Желая закрепить успех своей партии, на следующий день Барбару вновь выступил с речью против Робеспьера, а министр внутренних дел Ролан напечатал эту речь, дабы распространить в провинции. Но в Париже нападки на Неподкупного ни к чему не привели. 5 ноября, когда «дело Робеспьера» встало на повестку дня, на зрительских трибунах Конвента теснилось больше тысячи почитателей Неподкупного, почти две трети которых составляли женщины. Спокойный и сосредоточенный, с подготовленной заранее речью, достойной античных ораторов, Робеспьер поднялся на трибуну, надел очки и с присущим ему пафосом произнес: «В чем же меня обвиняют? В том, что я составил заговор с целью достигнуть диктатуры, или триумвирата, или должности трибуна?» Иронически посоветовав противнику определиться, к какой же «верховной власти» он, по его мнению, стремится, Робеспьер отверг обвинение в «деспотизме взглядов», «если только под этим не подразумевать естественное влияние принципов. Но это влияние не является личным влиянием того, кто эти принципы проповедует: оно принадлежит мировому разуму и всем тем, кто готов прислушиваться к его голосу».
Отступив от ставшего привычным перечисления собственных заслуг, он, отождествив себя с Коммуной и революцией, встал на их защиту, защищая, таким образом, и себя. Был ли это ораторский прием или то самое ощущение внутреннего слияния с революцией, благодаря которому он стал главным ее человеком?
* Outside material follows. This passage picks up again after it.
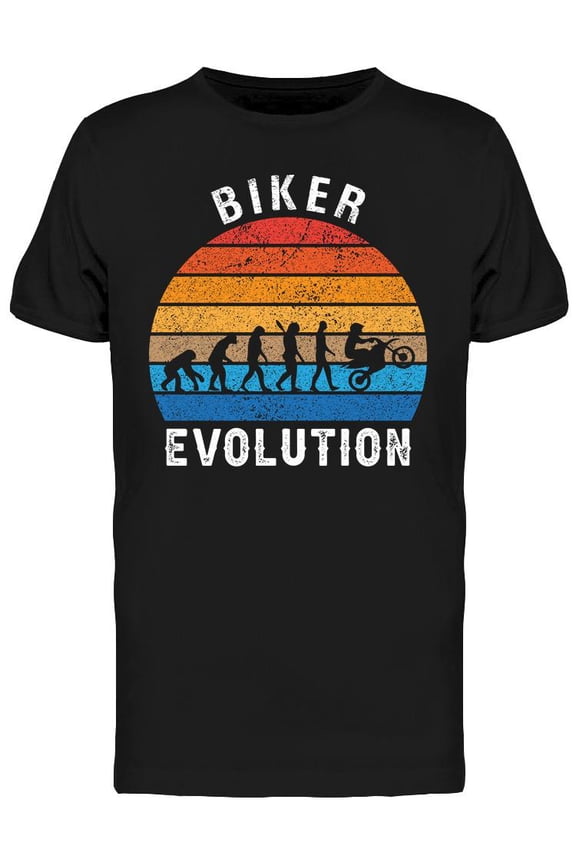 Biker Evolution T-Shirt Men -Image by Shutterstock, Male Small
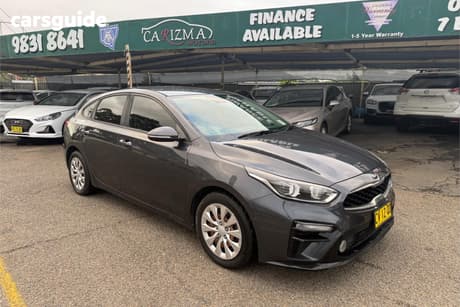 Grey 2019 Kia Cerato Hatchback S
Для кого-то героем, для кого- то диктатором, но в любом случае главным. «Я горжусь тем, что мне приходится защищать здесь дело Коммуны и свое собственное... Я видел здесь граждан... в напыщенных словах изобличавших поведение Совета Парижской коммуны. Незаконные аресты? Да разве можно оценивать со Сводом законов в руках те благодетельные меры, к которым приходится прибегать ради общественного спасения в критические моменты, вызванные бессилием самого закона?.. Все это было так же незаконно, как революция, как ниспровержение трона, как разрушение Бастилии, как сама свобода!.. Граждане, неужели вам нужна была революция без революции?.. Возможно ли учесть последствия, которые повлечет за собой этот великий переворот?» — вопрошал Неподкупный. Подведя к тому, что сентябрьские расправы явились естественным продолжением штурма Тюильри, он назвал их «народным движением», а затем, опровергнув обвинение в подстрекательстве, напомнил, что в те дни Луве в своей газете «Часовой» писал: «Честь и слава Главному совету Коммуны: он забил в набат, он спас отечество!»{13}
Отвергнув все обвинения и показав, что практически все они могут быть предъявлены его противникам, Робеспьер предложил заключить мир: «Предадим, если возможно, эти жалкие происки вечному забвению! Постараемся скрыть от взоров потомства те бесславные дни нашей истории, когда народные представители, введенные в заблуждение подлыми интригами, словно забыли о том великом поприще, на которое они были призваны! Я же воздержусь от каких-либо личных заявлений и отказываюсь отвечать на клевету моих противников еще более грозными разоблачениями, отказываюсь от законного мщения, которого я мог бы добиваться в отношении моих клеветников. Я хочу лишь восстановления мира и торжества свободы». По обыкновению долгая, однако выразительная и содержательная речь — ее считают одной из лучших речей Робеспьера — была встречена аплодисментами, в которых потонули попытки Луве и Барбару выкрикнуть против него новые обвинения. Конвент продолжил работу в обычном порядке. У выхода из Конвента Робеспьера встретила толпа и с пением «Марсельезы» и «Карманьолы» проводила его до Якобинского клуба.Не все поверили в искренность стремления Робеспьера к миру. «Робеспьер, ты сообщил нам, что отказался от законного мщения твоим обвинителям, коего мог бы потребовать, сказал, что хочешь мира и забвения всех распрей... Какая внезапная метаморфоза! Но, как говорится, если злодей делает добро, значит, он подготавливает еще большее зло, — писала ему в открытом письме Олимпия де Гуж. — Убеждена, ты по-прежнему надеешься захватить власть, желая уподобиться узурпаторам античности». А дальше она предлагала ему «вместе искупаться в Сене»: «...но, чтобы ты полностью мог смыть грязь, запятнавшую тебя 10 [августа], мы привяжем к ногам шестнадцати- или двадцатичетырехфунтовые ядра и вместе бросимся в волны. Твоя смерть успокоит умы... твоя кончина избавит страну от еще более ужасных бедствий, и, быть может, так я послужу ей наилучшим образом... Подобное мужество присуще великим характерам, о которых ты говоришь, но которым не обладаешь сам».